#### How to complete this task:
Find the lines below in which the string "spring" occurs. Copy each one.

[Short web captions]
>>>>>

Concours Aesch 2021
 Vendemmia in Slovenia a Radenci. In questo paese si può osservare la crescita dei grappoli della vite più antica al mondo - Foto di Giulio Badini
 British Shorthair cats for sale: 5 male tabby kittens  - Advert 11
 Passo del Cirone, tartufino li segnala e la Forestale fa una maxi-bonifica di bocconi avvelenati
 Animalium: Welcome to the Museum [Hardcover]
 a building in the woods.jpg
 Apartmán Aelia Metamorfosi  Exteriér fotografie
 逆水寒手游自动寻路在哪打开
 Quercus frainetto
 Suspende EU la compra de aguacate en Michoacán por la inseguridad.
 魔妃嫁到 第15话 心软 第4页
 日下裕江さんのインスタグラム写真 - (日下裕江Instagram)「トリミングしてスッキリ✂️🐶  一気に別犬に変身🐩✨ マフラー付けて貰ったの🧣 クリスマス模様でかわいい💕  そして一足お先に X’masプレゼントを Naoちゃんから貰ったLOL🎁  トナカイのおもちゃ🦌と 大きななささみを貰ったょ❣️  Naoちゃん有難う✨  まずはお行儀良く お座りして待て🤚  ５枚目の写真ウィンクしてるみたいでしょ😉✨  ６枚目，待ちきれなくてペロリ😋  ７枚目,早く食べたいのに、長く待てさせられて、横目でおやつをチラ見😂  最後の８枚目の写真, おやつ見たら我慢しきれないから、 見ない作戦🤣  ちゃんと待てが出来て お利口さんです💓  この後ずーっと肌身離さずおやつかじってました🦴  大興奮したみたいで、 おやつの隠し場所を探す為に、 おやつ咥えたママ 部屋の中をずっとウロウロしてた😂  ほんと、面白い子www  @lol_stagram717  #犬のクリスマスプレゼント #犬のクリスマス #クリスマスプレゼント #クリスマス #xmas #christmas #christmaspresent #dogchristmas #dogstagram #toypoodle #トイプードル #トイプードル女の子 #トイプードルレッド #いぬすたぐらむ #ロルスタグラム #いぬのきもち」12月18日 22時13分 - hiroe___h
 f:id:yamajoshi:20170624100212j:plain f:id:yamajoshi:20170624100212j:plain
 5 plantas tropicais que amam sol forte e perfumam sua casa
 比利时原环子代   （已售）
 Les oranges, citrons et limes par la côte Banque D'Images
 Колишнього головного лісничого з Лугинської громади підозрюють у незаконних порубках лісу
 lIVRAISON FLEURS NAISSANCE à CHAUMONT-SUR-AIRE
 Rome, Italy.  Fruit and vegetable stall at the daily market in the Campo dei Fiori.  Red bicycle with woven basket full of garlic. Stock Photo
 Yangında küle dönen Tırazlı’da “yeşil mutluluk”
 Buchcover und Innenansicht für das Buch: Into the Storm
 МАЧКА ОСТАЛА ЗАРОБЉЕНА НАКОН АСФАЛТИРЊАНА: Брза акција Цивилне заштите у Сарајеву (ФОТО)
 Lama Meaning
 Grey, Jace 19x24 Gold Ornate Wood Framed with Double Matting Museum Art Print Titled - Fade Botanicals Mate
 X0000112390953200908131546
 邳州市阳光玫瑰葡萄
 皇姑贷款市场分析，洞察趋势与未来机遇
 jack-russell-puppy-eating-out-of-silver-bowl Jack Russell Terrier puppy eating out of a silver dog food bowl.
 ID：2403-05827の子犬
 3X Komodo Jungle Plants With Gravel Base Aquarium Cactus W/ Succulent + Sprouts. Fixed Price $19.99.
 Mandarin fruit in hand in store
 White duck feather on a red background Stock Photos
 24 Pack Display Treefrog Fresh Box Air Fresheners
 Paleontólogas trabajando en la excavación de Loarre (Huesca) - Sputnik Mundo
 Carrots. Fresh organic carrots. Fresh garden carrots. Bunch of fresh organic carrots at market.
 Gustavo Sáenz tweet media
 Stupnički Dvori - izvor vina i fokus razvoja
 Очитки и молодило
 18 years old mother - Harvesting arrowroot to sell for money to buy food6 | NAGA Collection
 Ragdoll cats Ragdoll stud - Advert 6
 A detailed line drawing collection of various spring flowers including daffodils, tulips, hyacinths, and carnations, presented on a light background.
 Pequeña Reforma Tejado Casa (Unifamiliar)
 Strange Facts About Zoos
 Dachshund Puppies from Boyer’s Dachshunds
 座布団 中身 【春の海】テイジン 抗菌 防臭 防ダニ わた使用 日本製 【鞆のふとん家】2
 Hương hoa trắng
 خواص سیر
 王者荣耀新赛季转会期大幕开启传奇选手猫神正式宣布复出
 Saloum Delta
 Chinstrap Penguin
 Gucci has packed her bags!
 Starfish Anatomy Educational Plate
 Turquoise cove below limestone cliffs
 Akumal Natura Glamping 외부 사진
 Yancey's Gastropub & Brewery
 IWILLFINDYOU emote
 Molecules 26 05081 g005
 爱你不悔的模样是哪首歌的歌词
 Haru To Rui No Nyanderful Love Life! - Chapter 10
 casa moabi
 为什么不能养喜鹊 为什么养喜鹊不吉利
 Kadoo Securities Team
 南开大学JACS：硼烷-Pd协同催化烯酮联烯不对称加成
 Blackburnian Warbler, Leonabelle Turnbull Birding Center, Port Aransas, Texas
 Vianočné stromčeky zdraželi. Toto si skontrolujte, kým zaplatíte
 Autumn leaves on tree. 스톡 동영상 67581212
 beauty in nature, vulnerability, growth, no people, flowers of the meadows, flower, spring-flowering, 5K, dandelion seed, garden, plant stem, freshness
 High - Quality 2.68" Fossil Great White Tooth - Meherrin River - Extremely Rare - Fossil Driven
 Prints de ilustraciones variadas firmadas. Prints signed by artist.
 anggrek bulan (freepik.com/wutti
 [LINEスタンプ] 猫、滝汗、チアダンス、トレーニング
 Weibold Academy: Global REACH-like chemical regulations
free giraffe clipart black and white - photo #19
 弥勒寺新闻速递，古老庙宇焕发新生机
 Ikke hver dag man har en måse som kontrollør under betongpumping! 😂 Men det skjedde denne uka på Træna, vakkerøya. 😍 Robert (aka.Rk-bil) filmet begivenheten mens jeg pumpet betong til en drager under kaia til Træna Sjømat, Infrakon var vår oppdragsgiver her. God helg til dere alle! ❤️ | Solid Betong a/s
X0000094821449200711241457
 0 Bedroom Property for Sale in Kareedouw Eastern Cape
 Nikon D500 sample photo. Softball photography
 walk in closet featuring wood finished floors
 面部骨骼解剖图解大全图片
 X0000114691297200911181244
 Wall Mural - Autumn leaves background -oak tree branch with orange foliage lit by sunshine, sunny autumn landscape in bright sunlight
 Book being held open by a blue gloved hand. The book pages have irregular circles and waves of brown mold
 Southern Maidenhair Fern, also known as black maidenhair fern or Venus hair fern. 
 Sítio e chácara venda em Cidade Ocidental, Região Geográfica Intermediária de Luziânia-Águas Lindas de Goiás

<<<<<

#### Task output:
 A detailed line drawing collection of various spring flowers including daffodils, tulips, hyacinths, and carnations, presented on a light background.
 beauty in nature, vulnerability, growth, no people, flowers of the meadows, flower, spring-flowering, 5K, dandelion seed, garden, plant stem, freshness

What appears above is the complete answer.